# Turbo Trainer



## Wigsie (30 May 2009)

I am after a Turbo Trainer not sure if I will use it too much so dont really want to buy new, so if any of you guys/gals have one and are looking to get a newer on then let me know.

Cheers,

Neil.


----------



## gavintc (30 May 2009)

Have a look at the cycle club websites in your area as well. They are pretty heavy and it would be useful if you could find one local to you. I know my own club web site regularly has them for sale on the club forum.


----------



## dudi (30 May 2009)

Yep, got one for sale for £40. decent trainer, just not my bag.
See the classified section


----------



## Wigsie (30 May 2009)

No worries, thanks guys, I will take a look.
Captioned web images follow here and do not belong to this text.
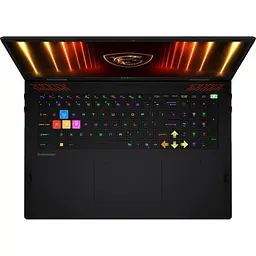 Ноутбук MSI 18 Raider 18 HX AI A2XWIG Mini LED/3840x2400/Ultra 9 285HX/64 ГБ/ 2000 ГБ/RTX 5080/Win11/black (A2XWIG-251UA) - мініатюра 6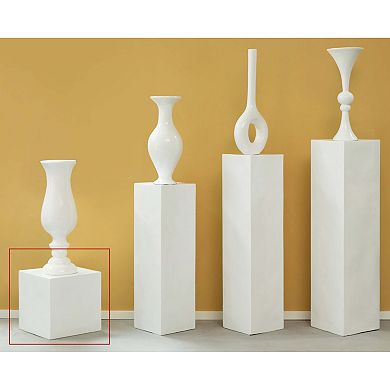 Flower Stand cube, Interior Design, decorative display cube, Wedding Pedestal stand, Centerpiece.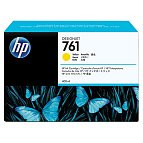 HP CM992A №761 картридж для DJ T7100 400ml yellow оригинал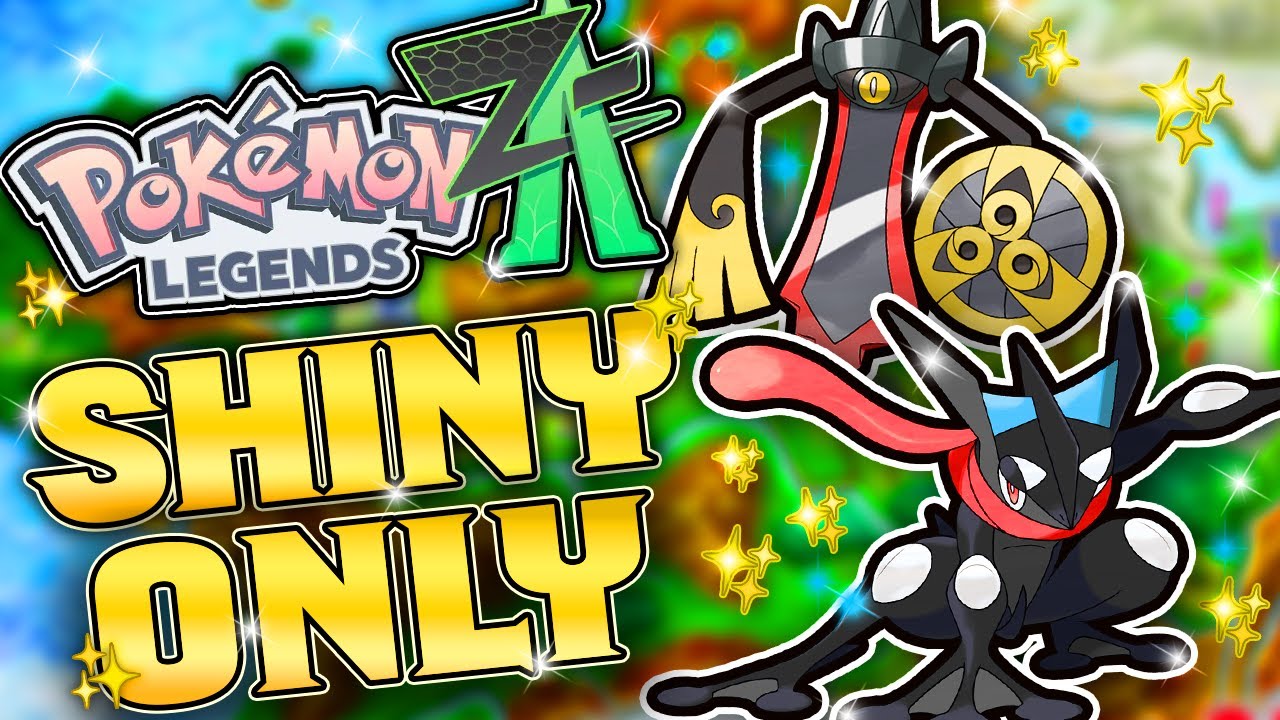 Pokémon Legends ZA SHINY ONLY Nuzlocke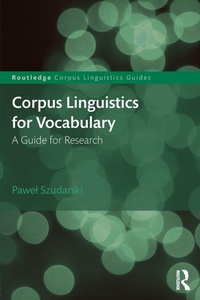 Abbildung von: Corpus Linguistics for Vocabulary - Routledge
I may PM you if I have no luck dudi as ipswich is not a million miles from me and have clients I can visit in cambridge to write off travel costs to business


----------



## dudi (30 May 2009)

No probs, if it's easier for you I can meet you somewhere not so out of the way...
I know Ipswich isn't exactly on the way to anywhere.


----------



## dudi (30 May 2009)

FYI I just looked up postage for someone else

First Class: £16.62
Recorded: £17.37
Special Delivery (next day): £21.65
*Standard Parcels: £12.62*


----------



## Wigsie (30 May 2009)

Have you got a Pic? or can you telll me what make it is?


----------



## dudi (30 May 2009)

Yeah, sure. 
It's a Tacx cycle track speedmatic - just like the one below-







It's got an adjustable load, handlebar mounted, it's magnetic resistance - quite quiet and the heavy flywheel is pretty good too.
Folds away so easy storage


----------



## Janeyb (15 Jun 2009)

Hi Dudi

Has your cycle trainer been sold? Would be very interested if not. Live in Norfolk to not a million miles away.


----------



## nick-22 (21 Jun 2009)

i have a trainer for sale if any1 wants it...


----------